Browsing a provincial
auction catalogue, some years ago, I noticed for sale an autograph letter
signed David Cornwell on notepaper headed John le Carré. I was reading lots of
le Carré at the time and, out of curiosity, bought the letter unseen. Forty
quid. He writes to Stacey [there was no envelope so I have no surname] who
appears to be laid up in hospital after an accident and asks for reading
suggestions.

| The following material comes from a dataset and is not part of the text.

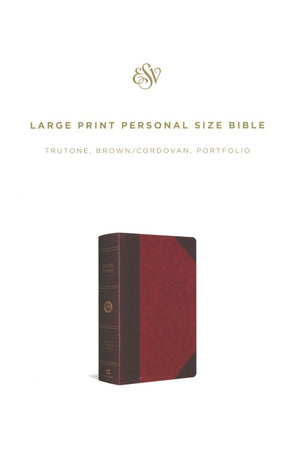 Personalized Custom Text ESV Large Print Personal Size Bible Brown/Cordovan English Standard Version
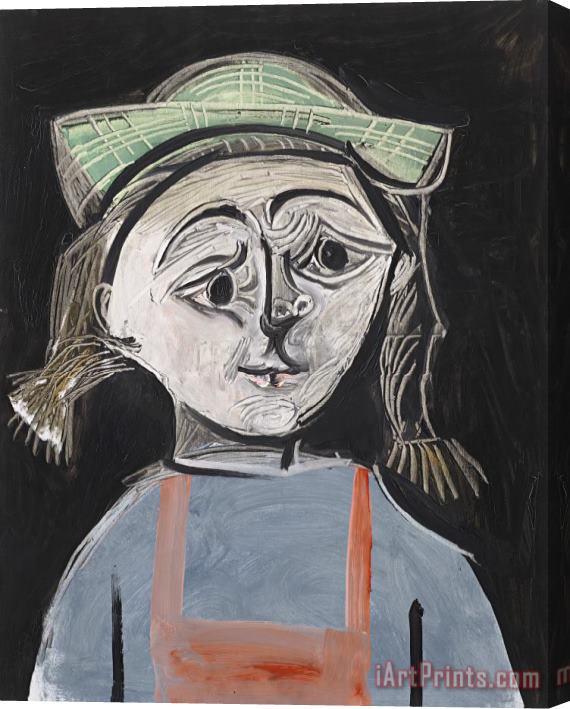 Pablo Picasso Fillette Aux Nattes Et Au Chapeau Vert Stretched Canvas Painting / Canvas Art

The writer obliges: start with P G Wodehouse (“the funniest man
ever”) and for fine writing head to Anna
Karenina, Vanity Fair, and Ford
Maddox Ford’s The Good Soldier. As if
that’s not enough to be going on with, the writer then throws in The Three Musketeers and The Prisoner of Zenda. It’s all prefaced
by advance notice for his The Mission
Song, the galleys of which he is currently correcting. His full address in
Cornwall is written in by hand and the letter dated 19:v:06. I was impressed.

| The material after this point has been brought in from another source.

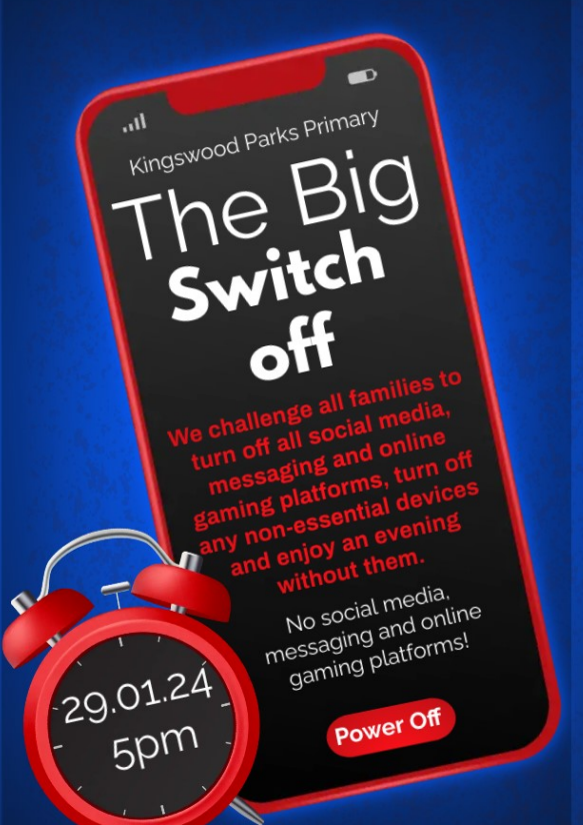 KingswoodParksP's tweet photo. A big thank you in advance to all families joining in with the BIG SWITCH OFF tonight. Through community collaboration, we can reduce the peer pressure and FOMO our children experience in the online world. #BIGSWITCHOFF @HumberEdTrust @KingswoodParksP @Hullccnews https://t.co/sJhjtAdwiG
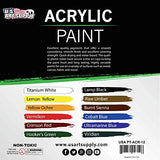 U.S. Art Supply Professional 12 Color Set of Acrylic Paint in 12ml Tubes - Rich Pigment Vivid Colors for Artists, Students, Beginners, Kids, Adults - U.S. Art Supply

Stacey appeared to be a complete stranger who had written to a famous and
almost certainly very busy author and received back a thoughtful, handwritten two-page
reply.
In his Introduction to
this very well-crafted collection of his father’s letters, the late Tim
Cornwell indicates that his father was an (unusually) good correspondent, often
replying to unsolicited mail and promptly (pages xxii-xxiii). He generally
wrote by hand and often kept no copy. As a result, the le Carré archive in the
Bodleian Library, on which this collection of over 600 pages is fairly
dependent, will contain no trace of letters like that to Stacey and the deficit
could really only be reduced by buying up such originals as appear on the
internet, as they do. Sometimes the content will be of interest - as in the
letter I have summarised - but, perhaps as importantly, those letters suggest
what one could regard either as noblesse
oblige or - and I incline to this - a rather democratic spirit. The latter
interpretation is supported by what to me is the heartening fact that David
Cornwell never accepted one of those tarnished medals handed out by our Monarch
and which Woke novelists now declare after their names to show that they are
Members of the Most Excellent Order of the British Empire. It is not as if he
was opposed to all recognition: he
accepted, for example, a Goethe Medal in 2011 and a D Litt from Oxford.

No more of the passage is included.